BEGIN DATASET ENTRIES

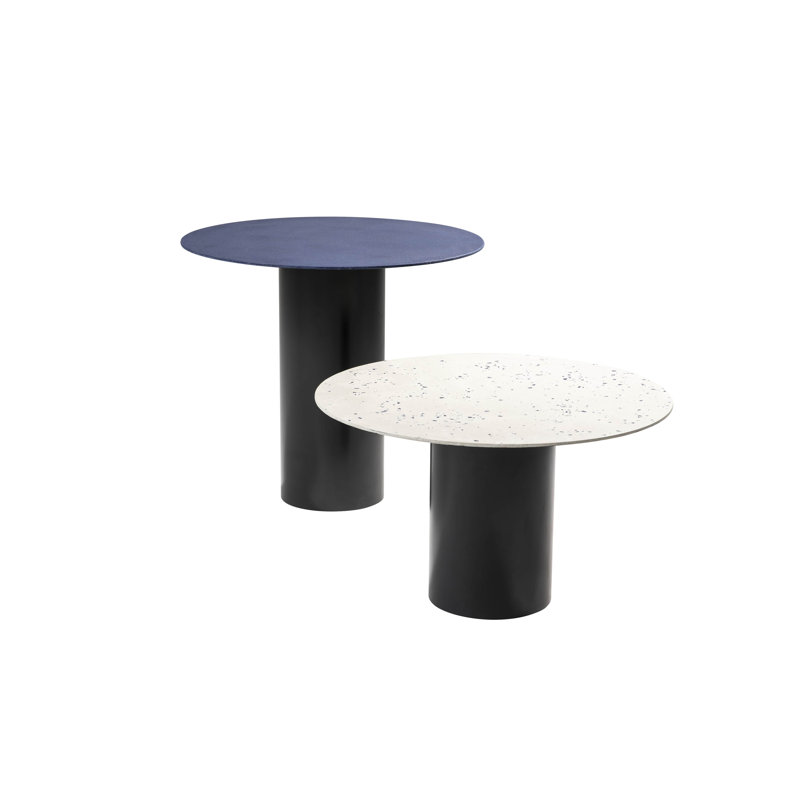 Mush Marble End Table, Blue, 12.25" H x 19.75" W x 19.75" D
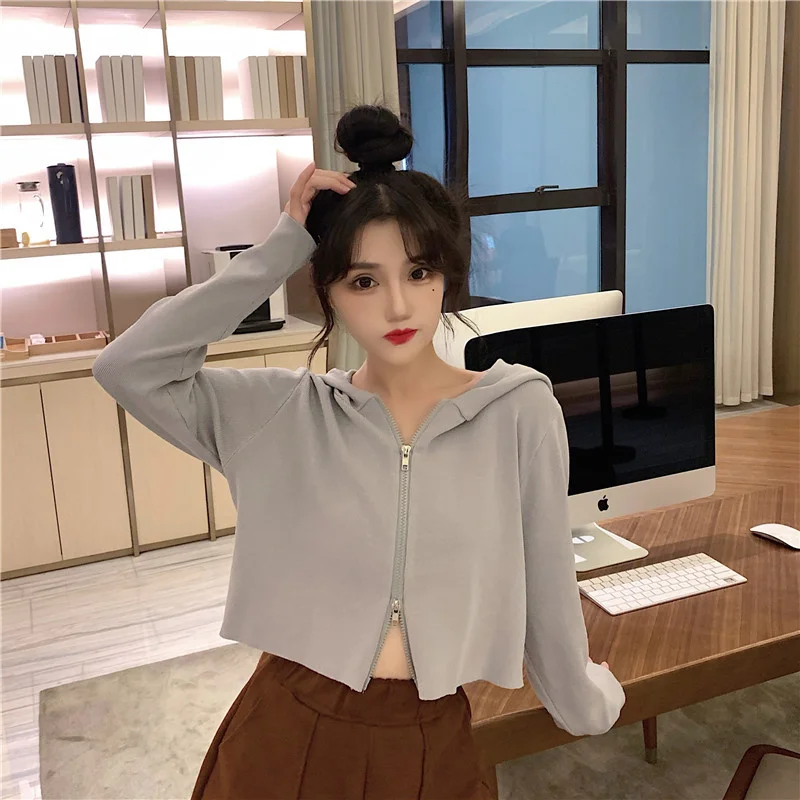 

2021autumn New Double-Headed Zipper Cardigan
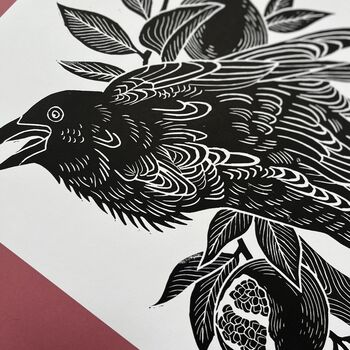 Raven Original Lino Print, 2 of 3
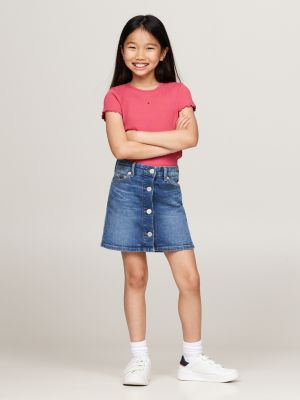 pink ruffled trim ribbed extra slim t-shirt for girls tommy hilfiger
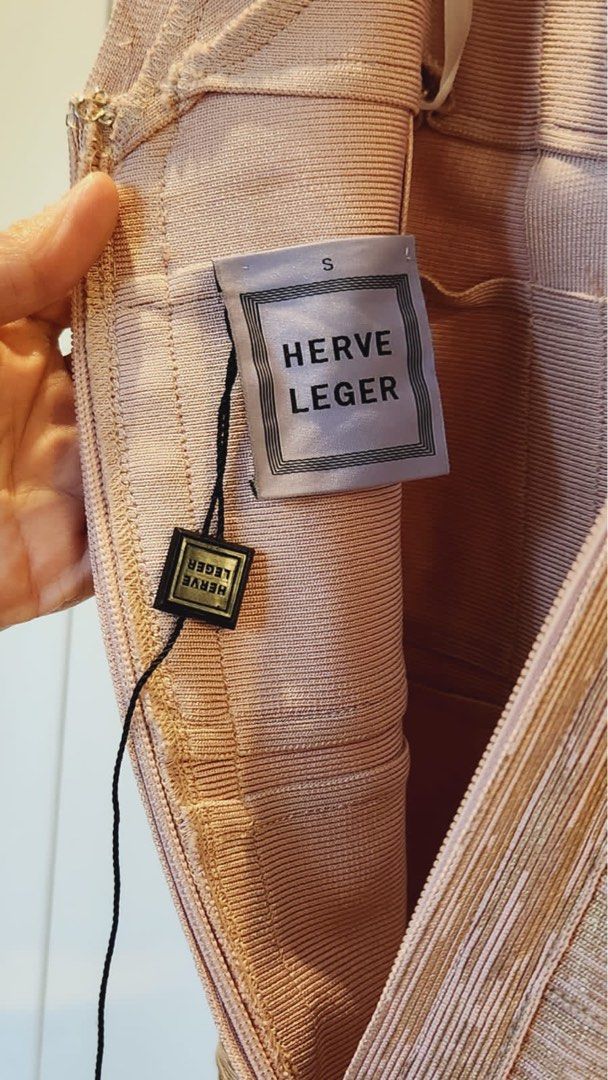 Herve leger rose gold bandage deals dress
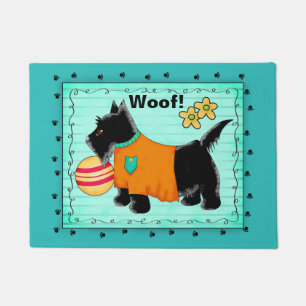 Tapete Black Scottie Dog Welcome Woof Turquoise Teal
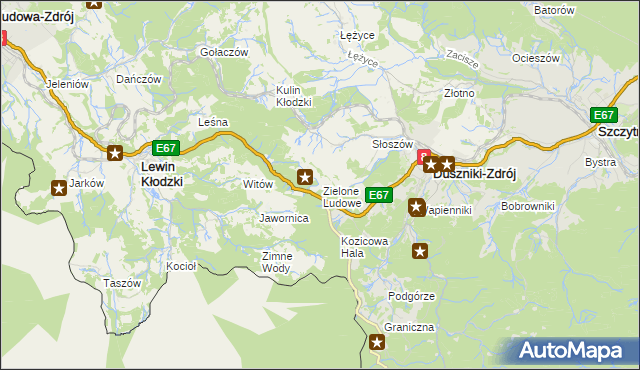 mapa Zielone Ludowe, Zielone Ludowe na mapie Targeo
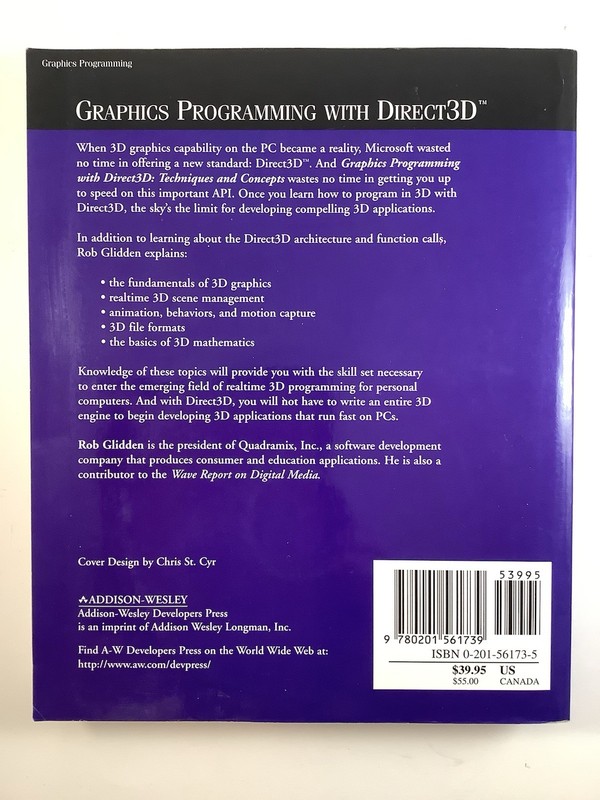 Graphics Programming with Direct3D w/UNOPENED CD (Rob Glidden, 1997) LN gallery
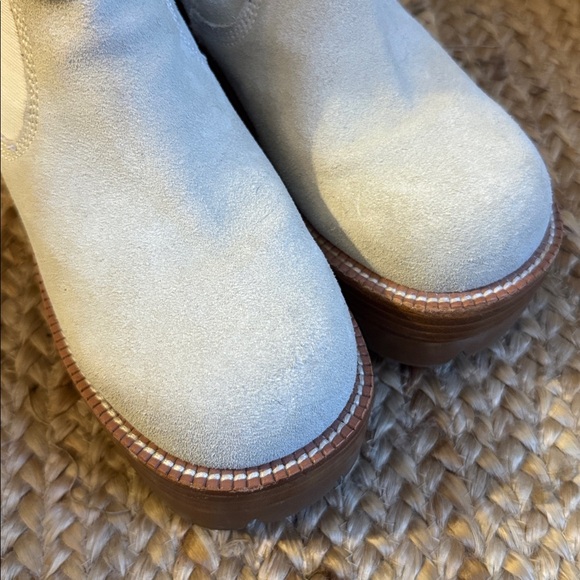 Free People x Jeffrey Campbell 6.5M Cream White Suede Leather Platform Boots - Picture 4 of 10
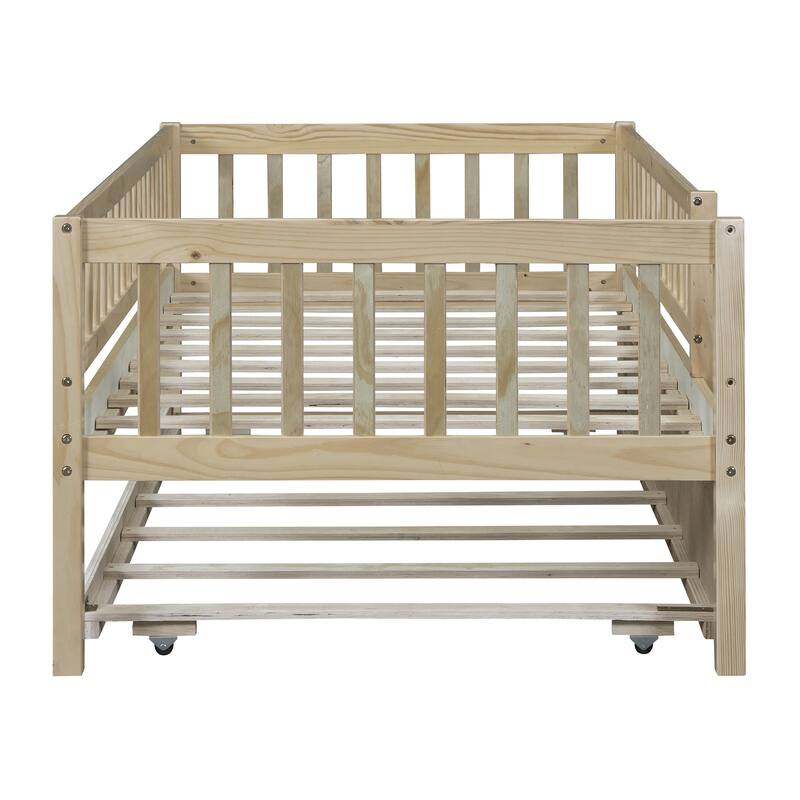 Twin Daybed with Trundle, Wood Twin Size Kids Bed Frame with Fence, Twin Trundle Bed for Girls, Boys, Twin Platform Bed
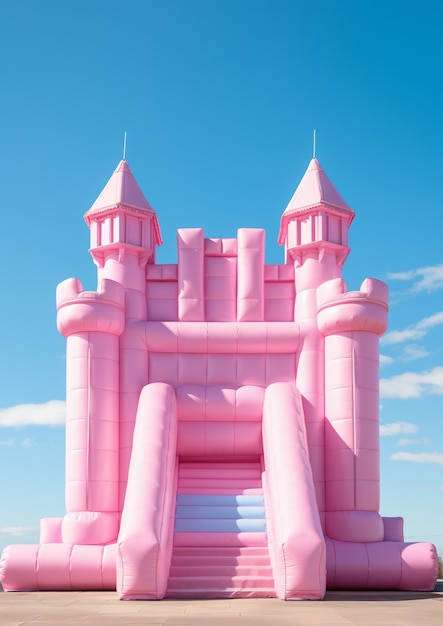 Free photo view of pink bouncy castle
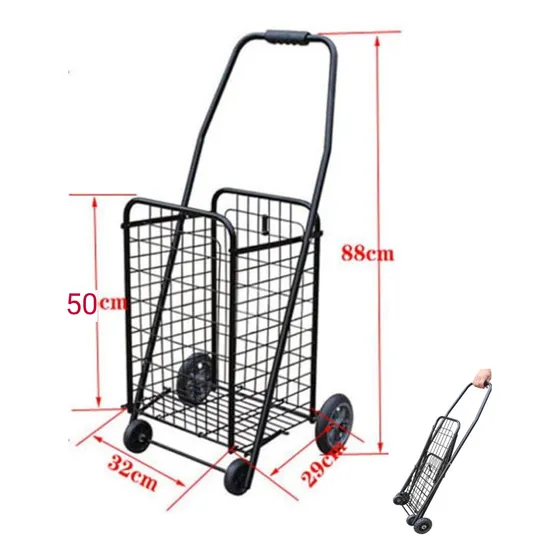Carrito Mercado Metálico Grande  Plegable 4 Ruedas Solidas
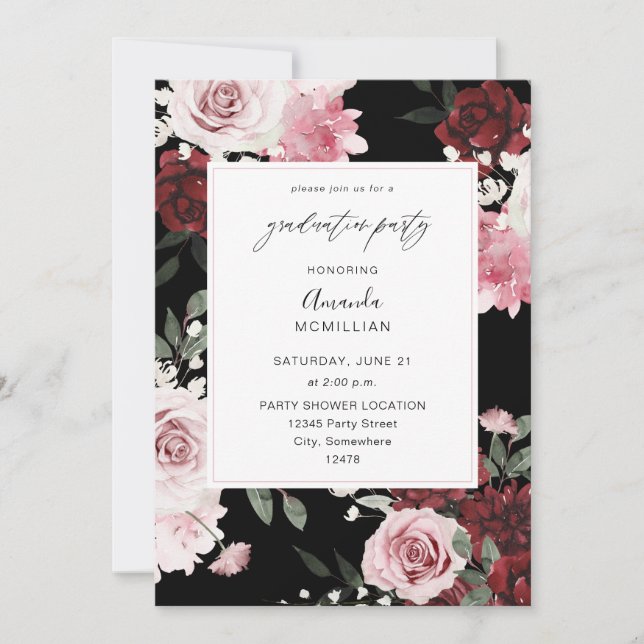 Burgundy & Blush Pink 6 Floral Graduation Party B  Invitation (Front)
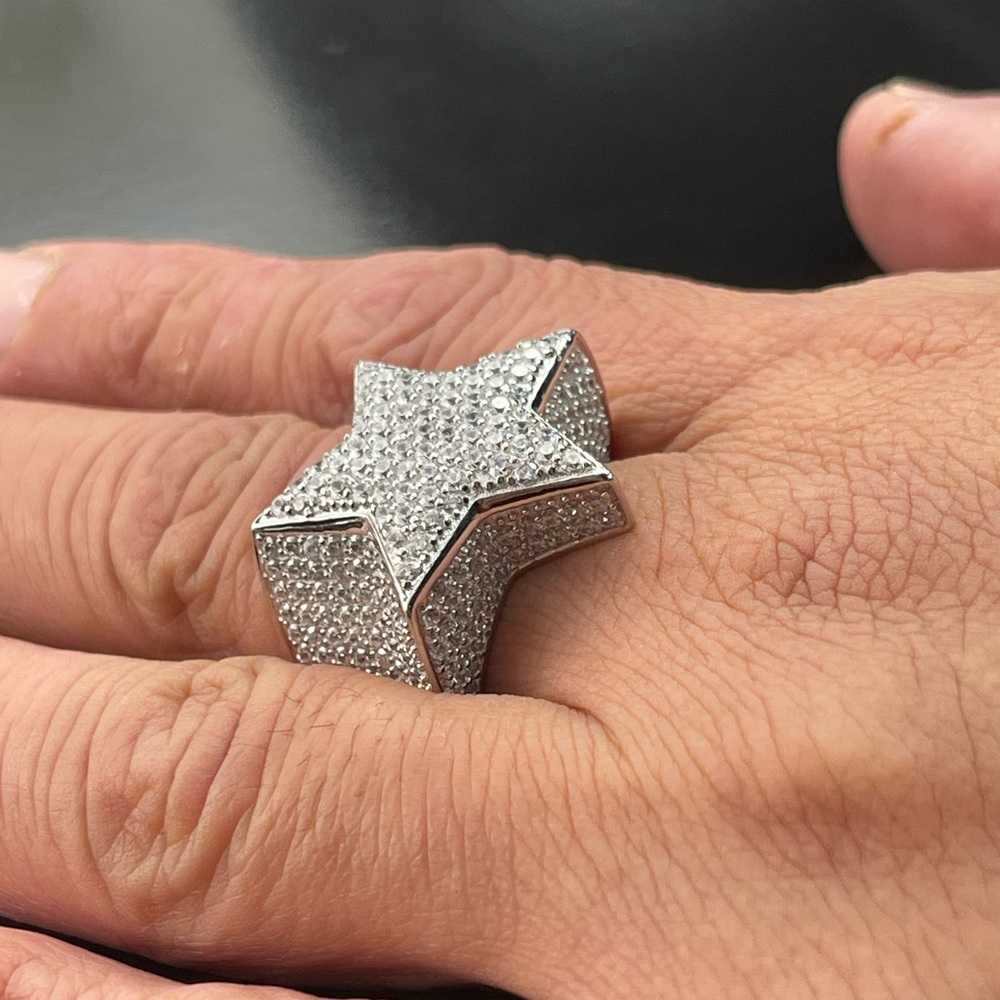 Solid 925 Silver Large Star Ring Size 11,10,9,8,7… - image 5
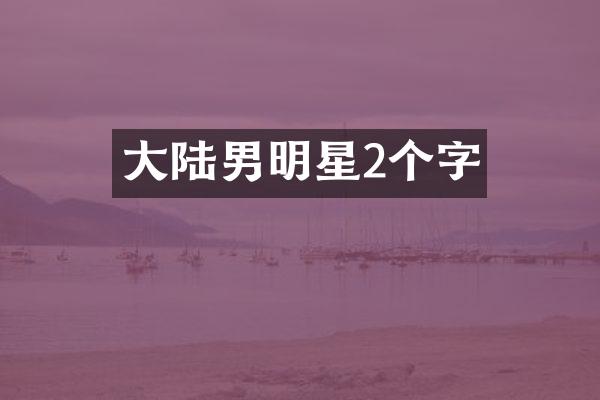 大陆男明星2个字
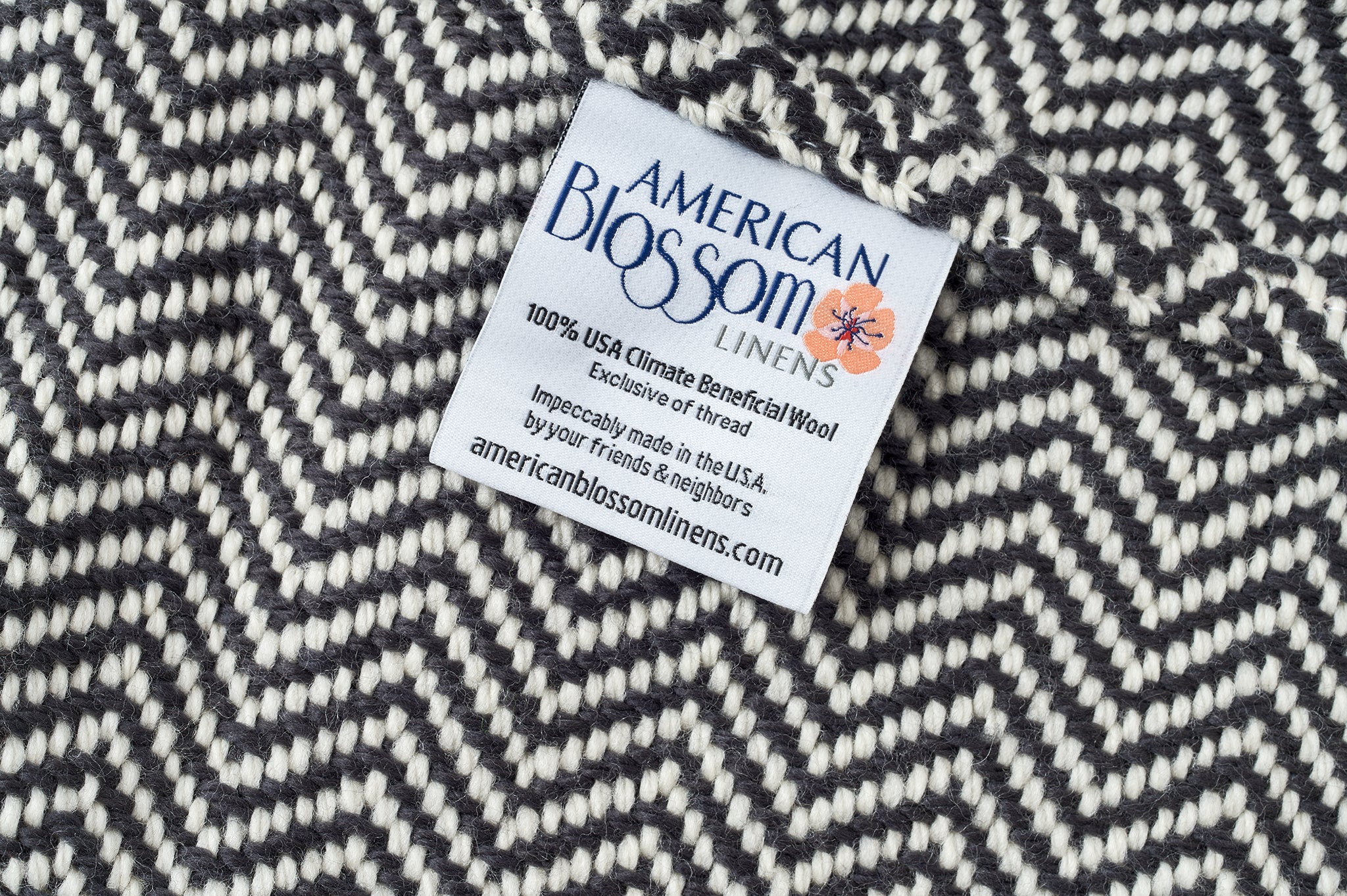 Wool Throw Blanket USA Climate Beneficial - Chevron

END DATASET ENTRIES

[ASSIGNMENT] Where the line with "Burgundy & Blush" appears in the entries above, begin there and restate every line to the end word for word, minus the pictures.

[RESULT FOR THIS TASK]
 Burgundy & Blush Pink 6 Floral Graduation Party B  Invitation (Front)
 Solid 925 Silver Large Star Ring Size 11,10,9,8,7… - image 5
 大陆男明星2个字
 Wool Throw Blanket USA Climate Beneficial - Chevron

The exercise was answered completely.